With such large asteroids creeping up unexpectedly on our own ball of rock we call home, it was remarkable then that on 4 June, a small asteroid six foot across was spotted hurtling towards Earth hours before it lit up the skies over South Africa. While its size may not have set alarm bells ringing for a potential catastrophic collision, it was only the third time that an asteroid has been discovered to be on an impact trajectory with Earth.
"It is also only the second time that the high probability of an impact was predicted well ahead of the event itself,” said Paul Chodas, manager of the Center for Near-Earth Object Studies (CNEOS) at NASA's Jet Propulsion Laboratory (JPL) in Pasadena, California about the boulder-sized asteroid designated 2018 LA.
But perhaps the most notable asteroid to date appeared on our radar late last year in November 2017. `Oumuamua, our planet’s first interstellar visitor shook up our idea of what an alien asteroid might look like. Its unusual shape caused a flurry of excitement, with some suggesting that the object was actually an extra-terrestrial spacecraft disguised as an asteroid in order to spy on Earth.
However, just this week a new study has found that `Oumuamua is moving away from the Sun faster than expected, implying that the slab of organic-coated rock is most likely a comet and not an asteroid.
“We think this is a tiny, weird comet,” comments Marco Micheli from the European Space Agency. “We can see in the data that its boost is getting smaller the farther away it travels from the Sun, which is typical for comets.” Still, despite its change in status, it is unlikely to be excluded from Asteroid Day celebrations.
So what are the powers at be doing to protect our planet from wayward marauders with the potential to wipe out life on Earth? Well, the Asteroid Institute is developing the Asteroid Decision Analysis and Mapping (ADAM) project with the help of Google Cloud and Analytical Graphics Inc (AGI) and ESA is currently developing cutting-edge widefield telescopes that will have the ability to scan the entire sky in just 48 hours for near-Earth objects (NEO).
ESA has also entered its next engineering phase for an ambitious planetary defence experiment known as Hera. Named for the Greek goddess of marriage, Hera will work in tandem with a NASA mission called the Double Asteroid Redirection Test (DART) project.

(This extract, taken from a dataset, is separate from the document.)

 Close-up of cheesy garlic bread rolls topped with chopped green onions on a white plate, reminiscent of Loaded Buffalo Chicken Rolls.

DART’s primary objective is to demonstrate the effect a kinetic impact would have on a small asteroid. To achieve this, DART will deliberately smash itself into a 160 metre moonlet informally called ‘Didymoon,’ that is one half of a binary asteroid system called Didymos.

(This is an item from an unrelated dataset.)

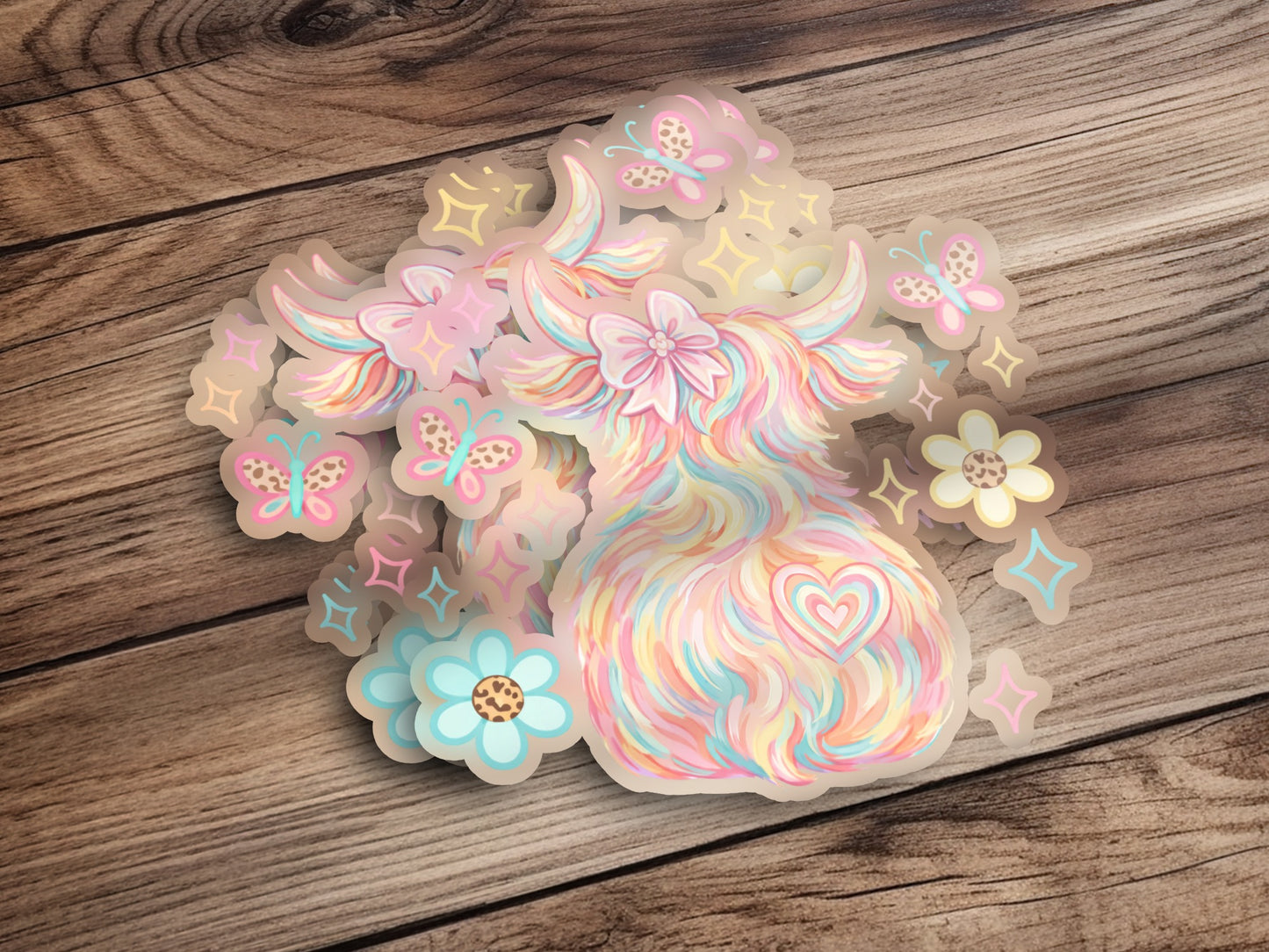 Pastel highland cow sticker with butterflies and flowers.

The collision, which is due to take place in October 2022, will lead to a change in the duration of Didymoon’s orbit around its 780 metre-diameter mountain-sized main companion ‘Didymain’ and although ground observatories all around the world will be able to observe the encounter, at a minimum distance of 11 million kilometres away a close-up view of the impact and its after-effects is needed to assess the damage.

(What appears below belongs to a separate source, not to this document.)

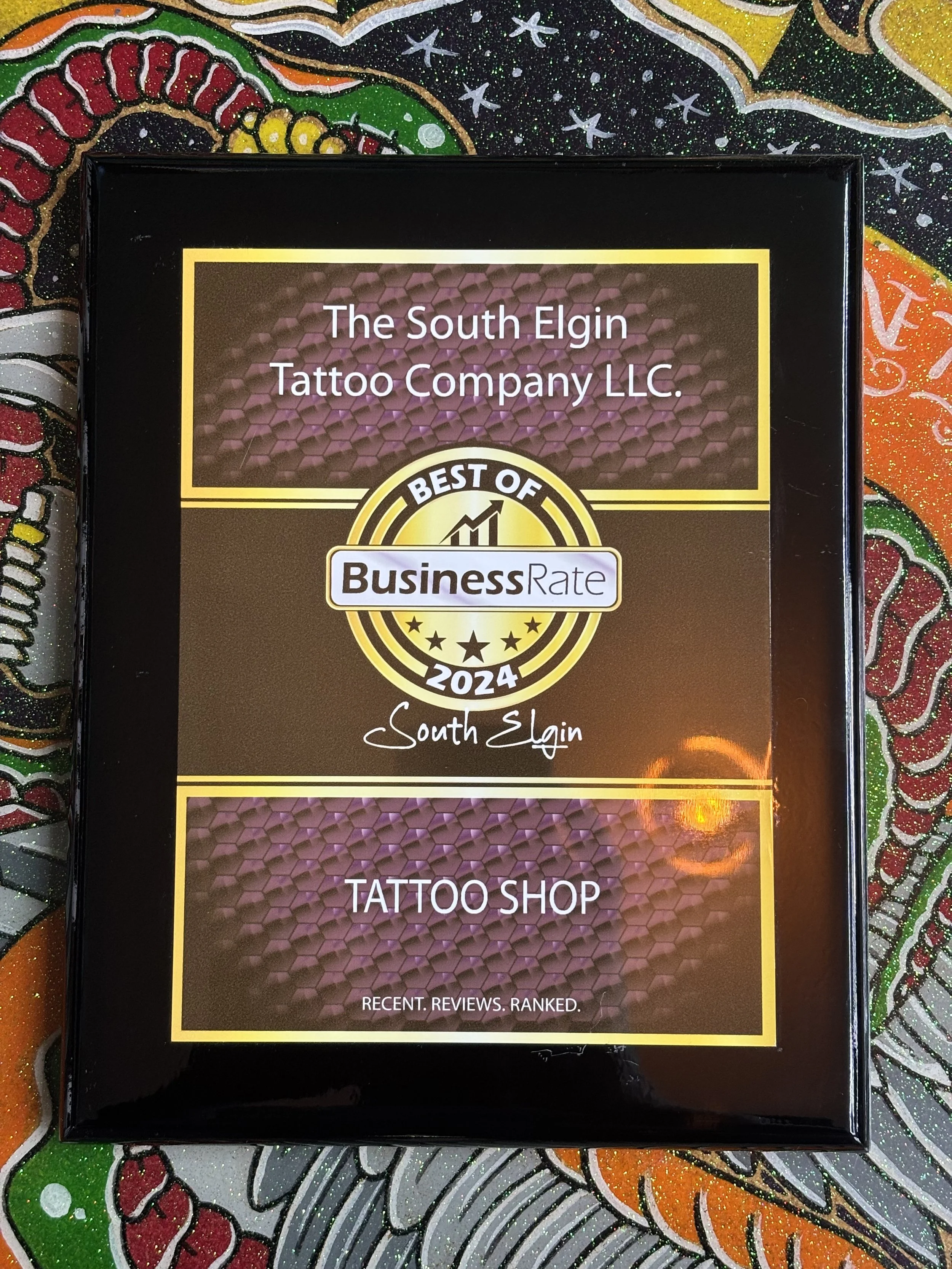 The image shows a framed certificate or award from The South Elgin Tattoo Company LLC, recognizing it as one of the best of 2024. The background features a colorful, glittery, abstract pattern with red, green, orange, yellow, and black colors.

“Essential information will be missing following the DART impact – which is where Hera comes in,” explains Hera manager Ian Carnelli. “Hera’s close-up survey will give us the mass of Didymoon, the shape of the crater, as well as physical and dynamical properties of Didymoon.
“This key data gathered by Hera will turn a grand but one-off experiment into a well-understood planetary defence technique: one that could in principle be repeated if we ever need to stop an incoming asteroid.”